#### Exercise details:
Transcribe the following entries word for word; no picture is to appear in the copy.

(Image-caption web data)
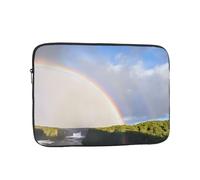 Funda para portátil de 10 pulgadas, funda protectora suave con estampado de Niagara Falls, bolsa delgada y ligera, especialmente compatible con MacBook de 10 pulgadas, se adapta a algunos portátiles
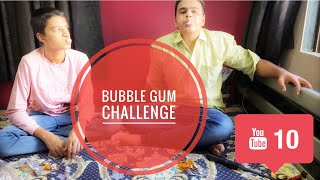 BUBBLE GUM BLOWING CHALLENGE 😂😂😂😂|super fun😂 screenshot 5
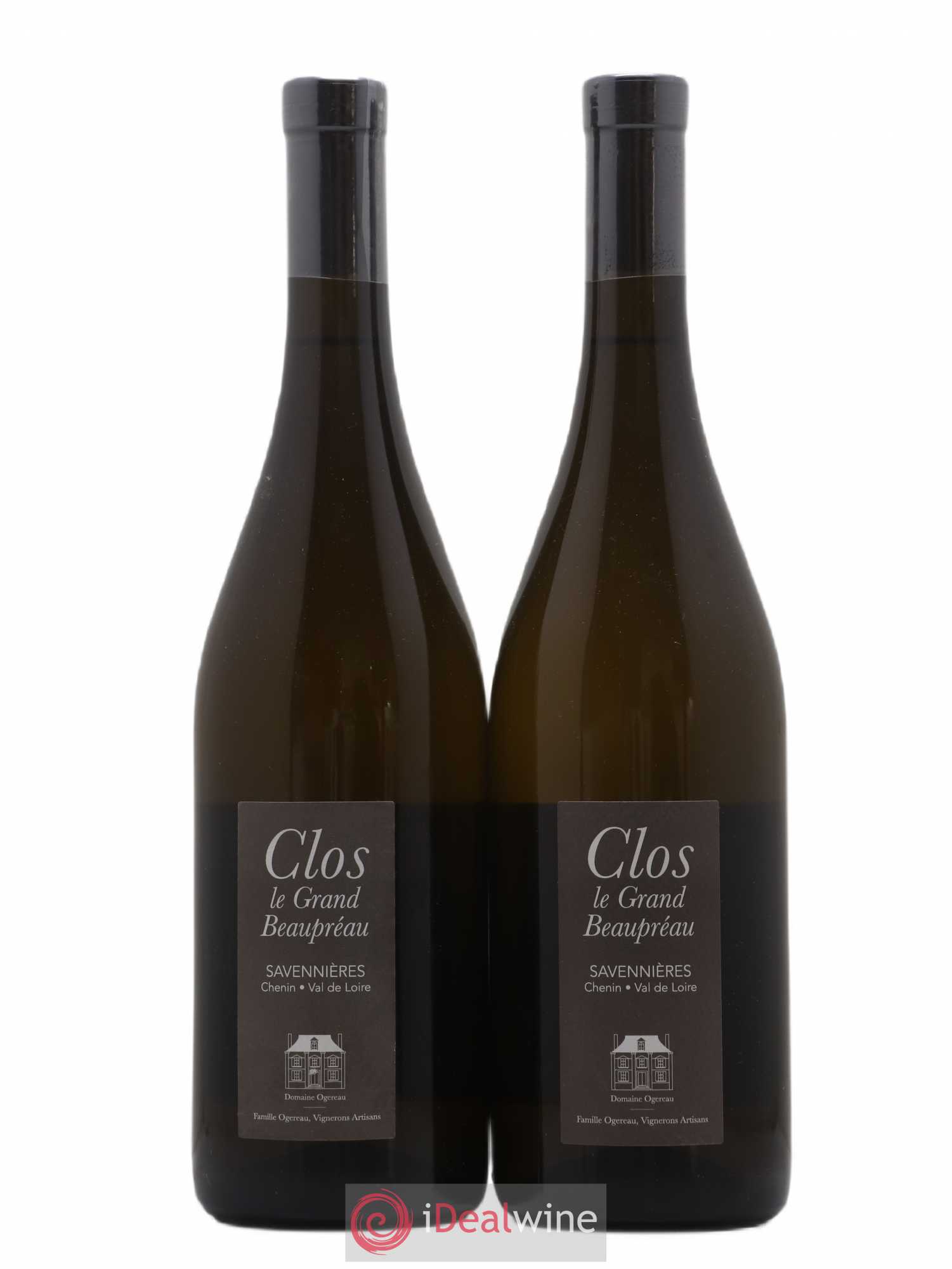 Savennières Clos le Grand Beaupréau Domaine Ogereau 2018 - Lot de 2 bouteilles - 0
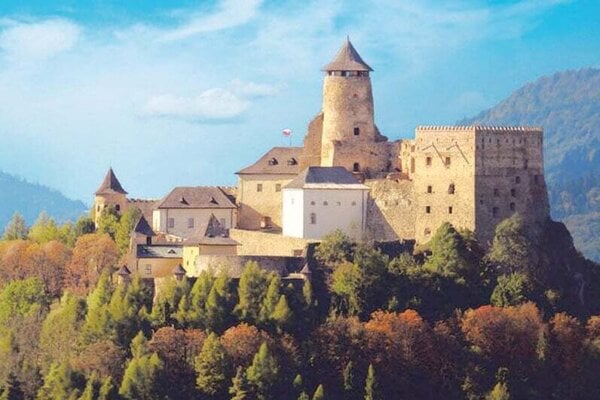 Hrad Stará Ľubovňa. 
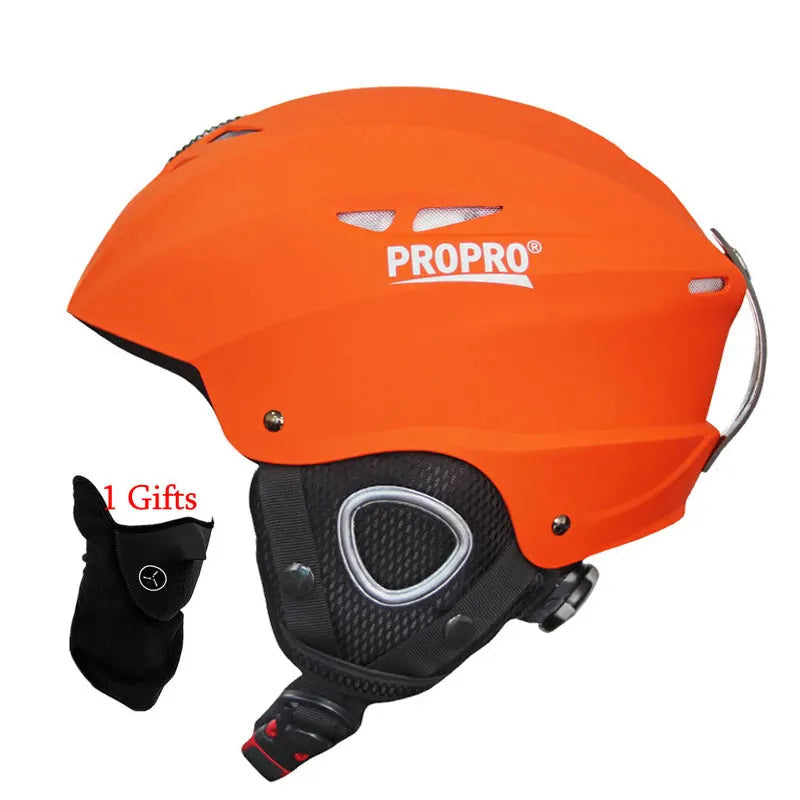 Integrally-Molded Snow Sports Safety Helmet OrraWild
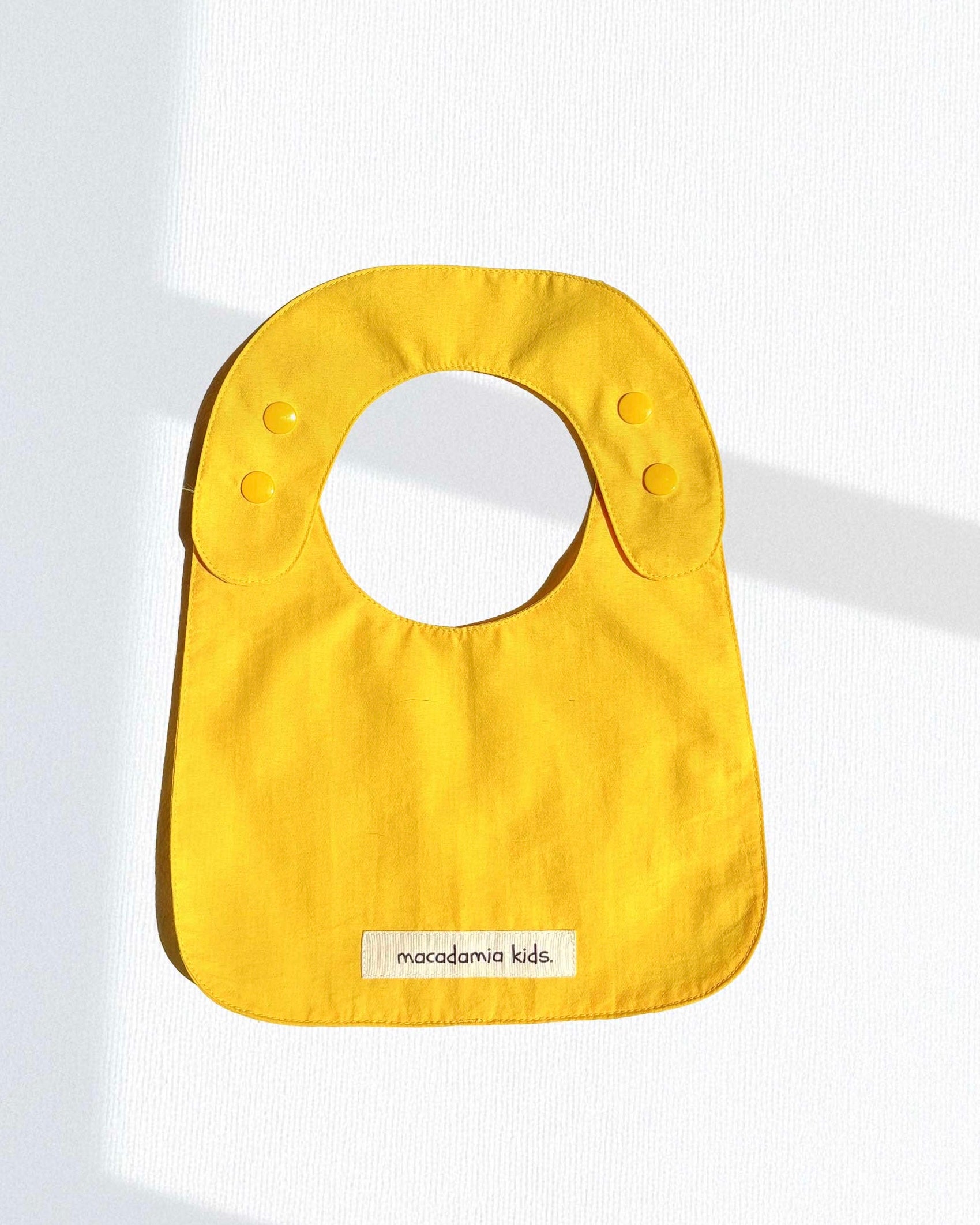 Reversible Bib yellow
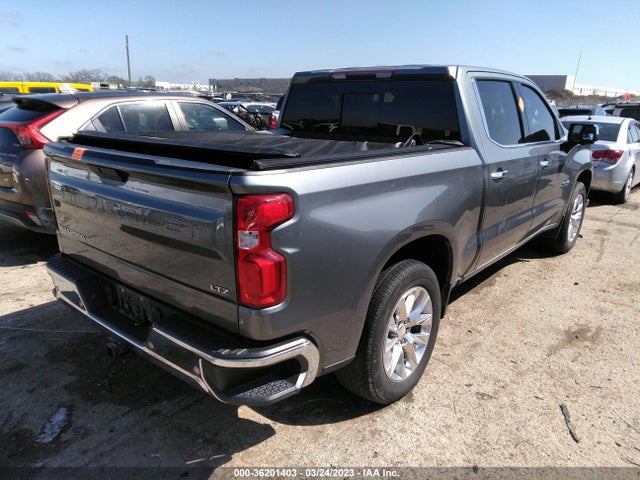 Chevrolet Silverado 1500 Ltz 2021 3GCPWEED5MG228423 Image 4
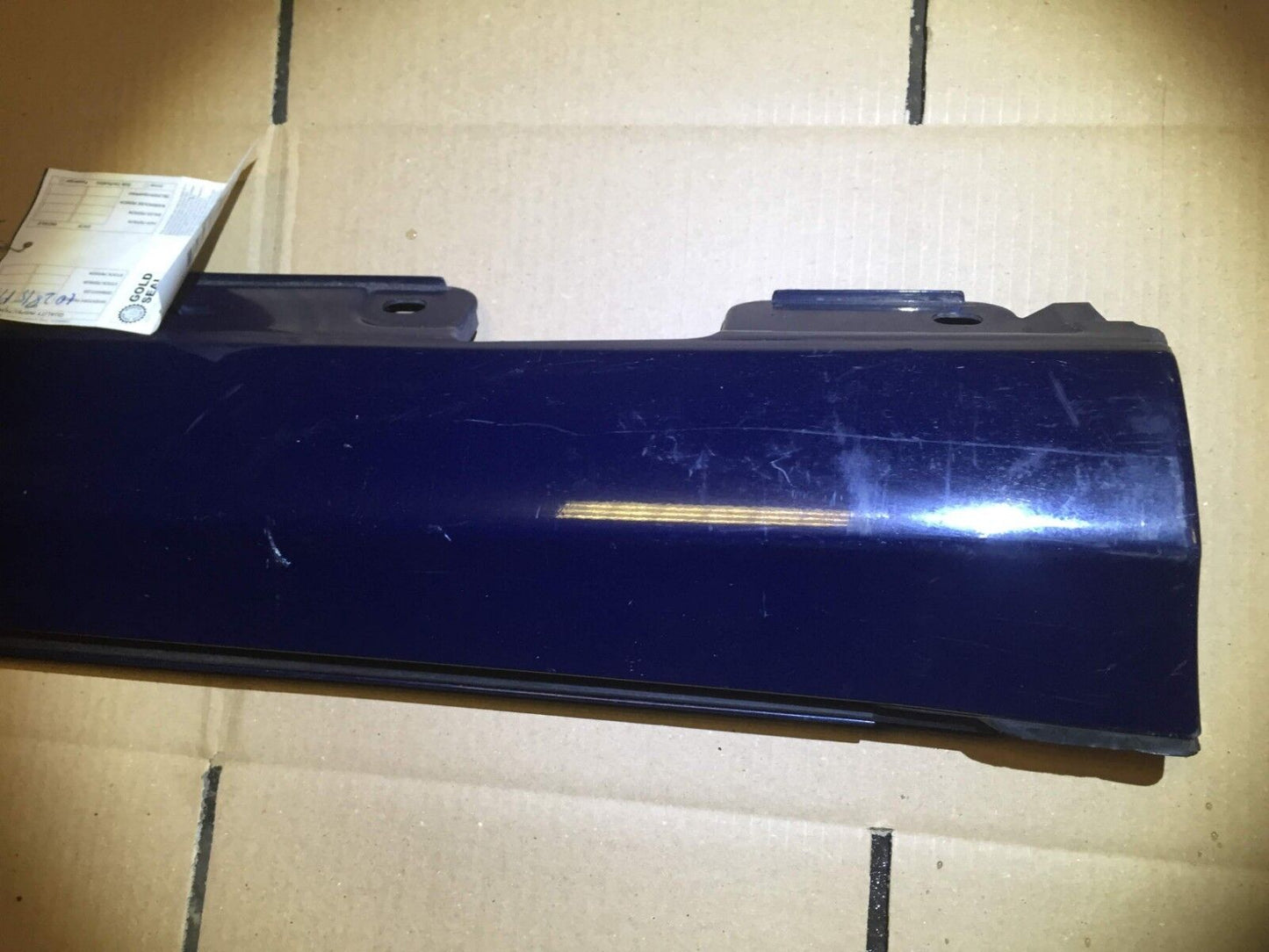 04 05 Mercedes Benz C240 Rocker Panel Skirt Molding Right Pass Side OEM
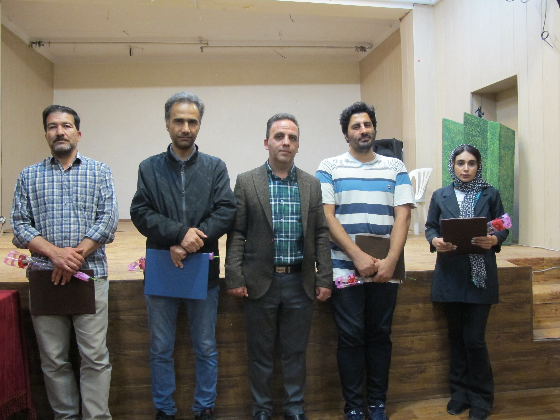 برگزاری مراسم تجلیل از مربیان دفتر - اردیبهشت 1403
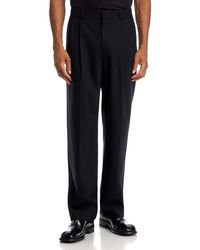 Jonathan Simkhai - Julian Relaxed Fit Pleated Trousers - Lyst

#### Exercise solution:
 Funda para portátil de 10 pulgadas, funda protectora suave con estampado de Niagara Falls, bolsa delgada y ligera, especialmente compatible con MacBook de 10 pulgadas, se adapta a algunos portátiles
 BUBBLE GUM BLOWING CHALLENGE 😂😂😂😂|super fun😂 screenshot 5
 Savennières Clos le Grand Beaupréau Domaine Ogereau 2018 - Lot de 2 bouteilles - 0
 Hrad Stará Ľubovňa. 
 Integrally-Molded Snow Sports Safety Helmet OrraWild
 Reversible Bib yellow
 Chevrolet Silverado 1500 Ltz 2021 3GCPWEED5MG228423 Image 4
 04 05 Mercedes Benz C240 Rocker Panel Skirt Molding Right Pass Side OEM
 برگزاری مراسم تجلیل از مربیان دفتر - اردیبهشت 1403
 Jonathan Simkhai - Julian Relaxed Fit Pleated Trousers - Lyst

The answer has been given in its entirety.